** Input data follows **

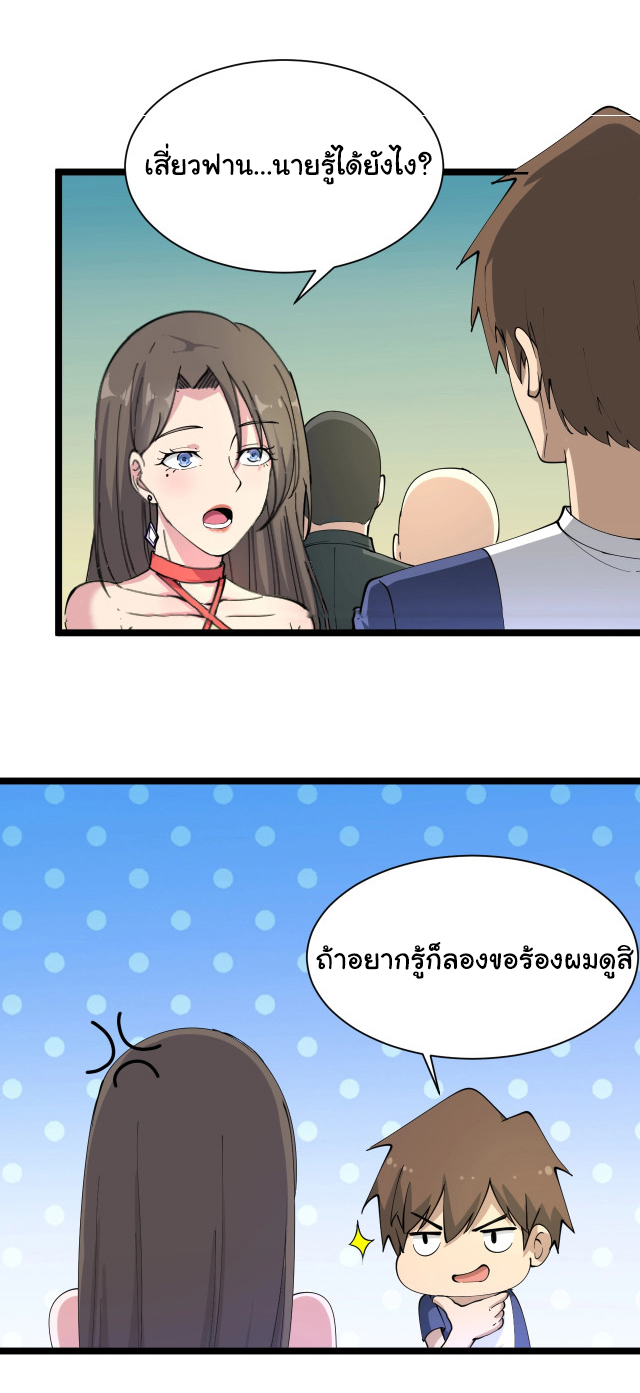 Sanjie Taobao Store ระบบร้านค้าเทพเจ้า ตอนที่ 41 หน้า 30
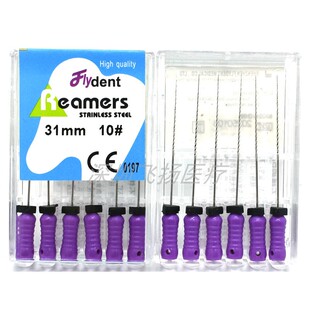 牙科不锈钢R锉根管锉扩大针加长28mm31mm45 口腔耗材三证齐全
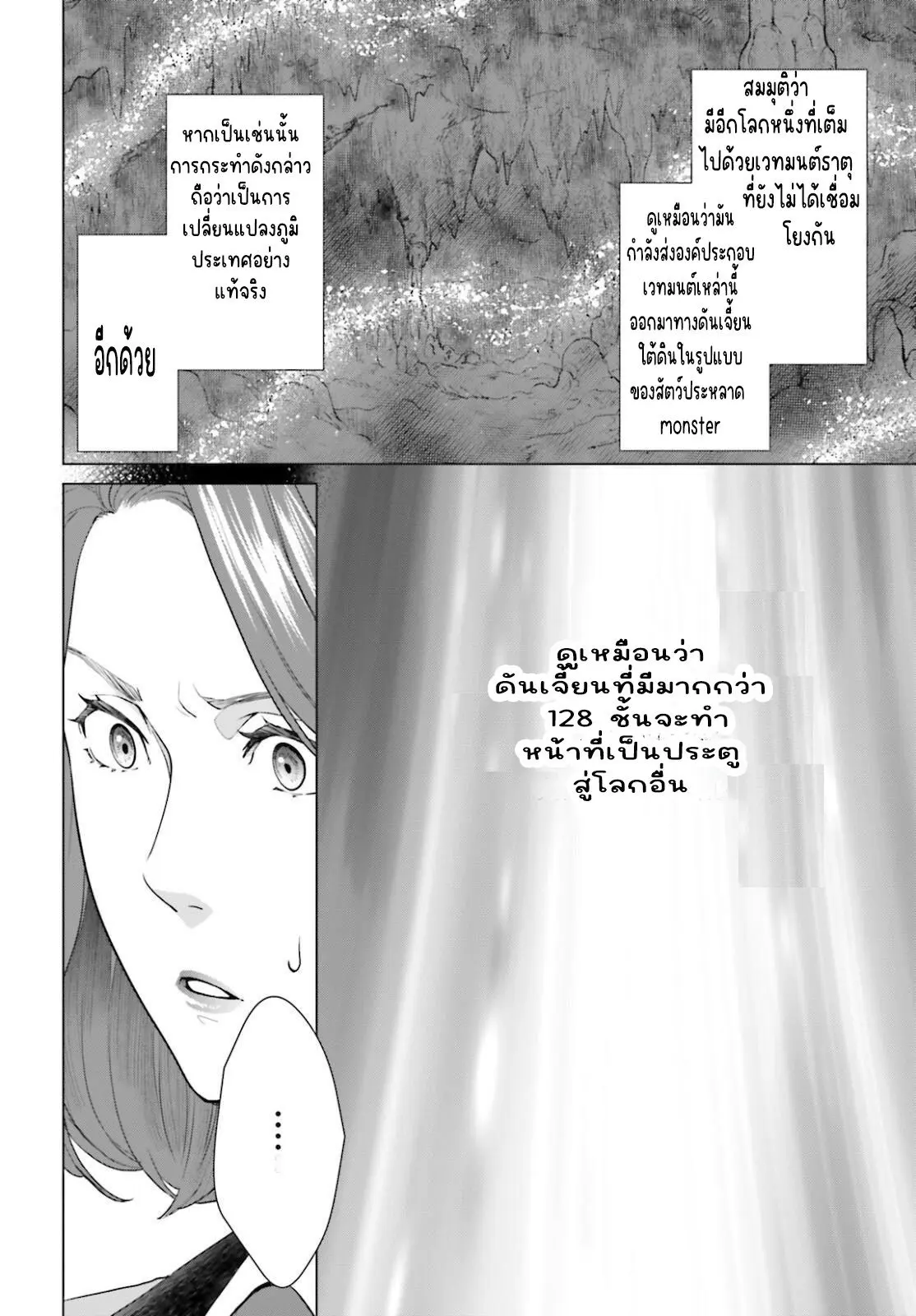 ทาสบริษัทที่กลายเป็นอันดับ1ของโลก ตอนที่ 18 หน้า 8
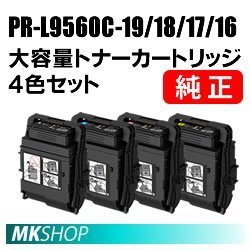 送料無料 NEC 純正品 トナーカートリッジ PR-L9560C-19/18/17/16【4色セット】(Color MultiWriter 9560C(PR-L9560C)/ 3C550(PR-L3C550)用)拍卖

** End of Input data **

### Problem
Your answer must be an exact copy of the lines from the one with "牙科不锈钢R锉根管锉扩大针加长28mm31mm45 口腔耗材三证齐全" through the final line of the data, both included, without any pictures.

### Task response
 牙科不锈钢R锉根管锉扩大针加长28mm31mm45 口腔耗材三证齐全
 ทาสบริษัทที่กลายเป็นอันดับ1ของโลก ตอนที่ 18 หน้า 8
 送料無料 NEC 純正品 トナーカートリッジ PR-L9560C-19/18/17/16【4色セット】(Color MultiWriter 9560C(PR-L9560C)/ 3C550(PR-L3C550)用)拍卖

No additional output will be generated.